Before starting the engine, I hauled out my cell phone. I assured first Paco, then the BreadBasket's owner Sandy and finally a few of the farmers at the Market that I was indeed on my way, only slightly delayed by the astonishing developments of this morning.

As I made my way around the massive metropolis that is Manatee Bay, I soon learnt that word had gotten around town. You ever play the game of "telephone" when you were a kid? You start with a line of kids, and the first one whispers something into the ear of the second, who whispers it into the third, and so on. By the time it reaches the end, the sentence has morphed into something unrecognizable – and frequently unintelligible. It's a great way to find out which kid(s) has/have profound hearing loss. The adults of Manatee Bay are into this big time, only you would call it "gossip". It would also appear that profound hearing loss is something of an epidemic among the adults of Manatee Bay.

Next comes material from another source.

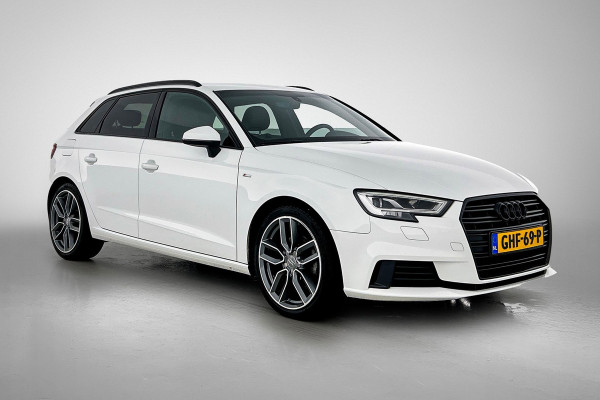 Audi A3 SPORTBACK 35 TFSI CoD S-Line (DIGITALE COCKPIT, STOELVERWARMING, LED, DEALER ONDERHOUDEN)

My first stop was at BreadBasket, as I'd be hitting my stops in reverse order of criticality of freshness. I'd hit Paco last, as the old pickup doesn't have a refrigeration section. The manager of BreadBasket, Sandy, was waiting for me, one of her stock boys by her side. I knew and liked this stock boy: Harold was 64, eking out his pension. Like most older folks, he was diligent about his job and had an encyclopedic memory as to both every item the BreadBasket offered and where in its cavernous interior the item would be found.

"So," she challenged me, "what's this I hear about you giving nude swimming lessons on the public beach?"

"Excuse me?"

"Sally overheard you in the restaurant, and she told Anne, who runs the hair salon. Anne told-"

I cut her off at that point. "I get the idea. No, I'm not giving swimming lessons at the public beach, much less in the nude. Why do you ask? Do you need swimming lessons?"

"From a handsome man like you, any time." She winked flirtatiously.

"Well, if you want swimming lessons, you'll have to come to Barracuda Beach. See you there, say tonight, at eight? Bring your birthday suit!"

It was cute watching her blush and backpedal. Poor Harold struggled to avoid snickering as he took my purchase requisition.

Finally she spluttered to a stop. "One day, I'm going to surprise you by actually taking you up on your offer!"

"I look forward to the day when you have the self-confidence to go nude in our resort," I replied gallantly. "I can assure you that whatever part of your corpus you dislike, the members are not only forgiving, but likely won't consider it off-putting in the slightest."

"I have a bit of a pooch from having kids," she fretted, patting her stomach.

"My wife has had two kids. And she's been diligently trying to work off that little 'pooch' of hers, as you put it, since the birth of our first. You won't be alone."

"I'm not going yet. In the mean time, Harold, how's that list coming?"

Harold already had completed the shopping list. I signed for it and was on my way.


At the Farmers' Market, Josie had my order ready to go – and was on the phone. "Uh-huh, I'll ask. Mr. Nude Universe just showed up." Putting the cell phone back in its holder around her waist, she indicated the order that my chef had phoned in. "Yer late!"

"Unavoidably detained," I explained shortly.

"Yeah, I heard. They tell me ya'll are gonna give every kid in Manatee Bay High School a towel with yer resort's logo on it."

I blinked. "News to me. Nice idea, but probably not. That would be a tad expensive. The souvenir towels I sell run me about $12 each, before the logo." I then had a thought. "If you want one, I can bring one over tomorrow. Put it on your wash line and your neighbours will be thinking naughty thoughts about you!"

Fortunately, Josie has a sense of humour, and just laughed at the suggestion.


Phillip helped me put the day's fruits and vegetables purchase into the back of the truck.

"Those nude town council meetings promise to be fun," Phillip prognosticated.